When farmers try to improve yields they sometimes find it’s not one but maybe a combination of practices that make it possible for them to harvest more corn, soybeans, cotton, rice or whatever.
Sometimes the adoption of one practice also provides a little lagniappe (that’s Cajun for an unexpected surprise), as in the case of a starter fertilizer application rig that also enables them to apply a fungicide in-furrow when they plant.
For the technical service representatives at BASF, it’s all part of a system they call “Advanced Acre,” which Greg Stapleton, the company’s representative for the upper Mid-South, discussed during a presentation at the 2014 BASF Research Tour at the Murray State University West Farm in Murray, Ky.
“As far as the Advanced Acre, it’s about the total system,” says Stapleton. “It’s from start to finish. It’s from selection of seed, fertility, to seed treatments, to their herbicide programs, fungicide programs and how they can maximize their performance and get the most out of every acre.
“It’s new in the sense of a concept that’s trying to tie everything together. We’ve always wanted to take our products and utilize them to the benefit of the grower as best we can. But, as our portfolio has grown, not only herbicides but especially fungicides, now we’re into the seed treatment side, and we’re also into the inoculums and everything else that goes into the acre from start to finish.”

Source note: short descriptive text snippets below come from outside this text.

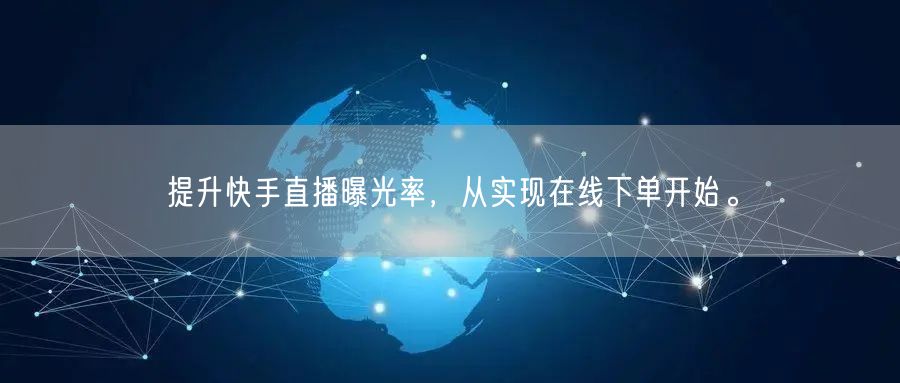 提升快手直播曝光率，从实现在线下单开始。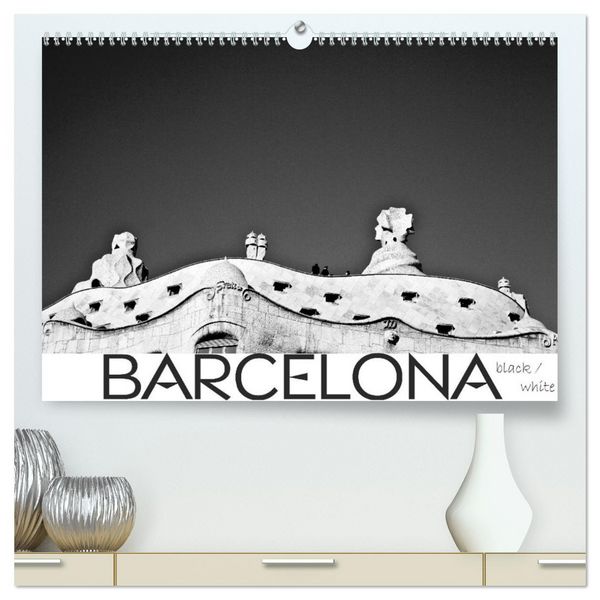 Produktbild: BARCELONA [black/white] (hochwertiger Premium Wandkalender 2026 DIN A2 quer), Kunstdruck in Hochglanz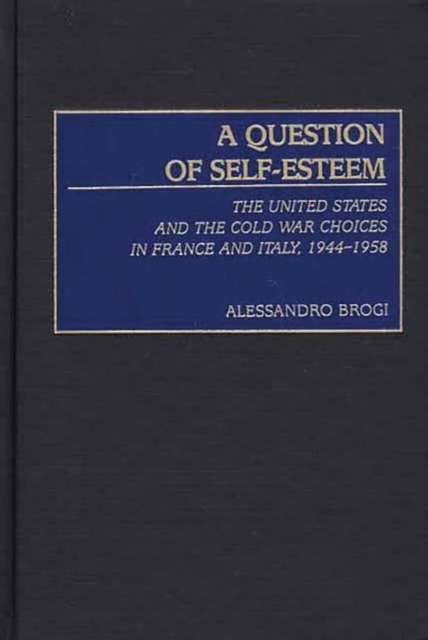 A Question of Self-esteem : The United States and the Cold War Choices in France and Italy, 1944-1958, Hardback Book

Given the cost of getting a new product to the market these days, it’s not unusual for a company to begin looking for new uses for it once it becomes established.
“As you develop products, you start looking for new uses once they become a product that is generally accepted and adopted,” says Stapleton. “We did that with Headline, and we looked at it in corn last year.”
BASF representatives looked at in-furrow application of Headline several years ago, “but at that time we really didn’t have a platform that farmers were utilizing,” he noted. “As they started looking at more of the seed traits and started looking at starter fertilizer and having that equipment available, we started looking again at in-furrow applications.
“They did this with insecticides, and we started putting fungicides in there, and we saw these benefits. In 24 on-farm demonstrations last year, we picked up anywhere from six to 20 bushels just from in-furrow applications.”
From there, they began applying fungicides in-furrow in soybeans, and we’ve seen that same kind of benefit.
“It’s about root development,” he said. “You start with a base you can do a lot of things with.”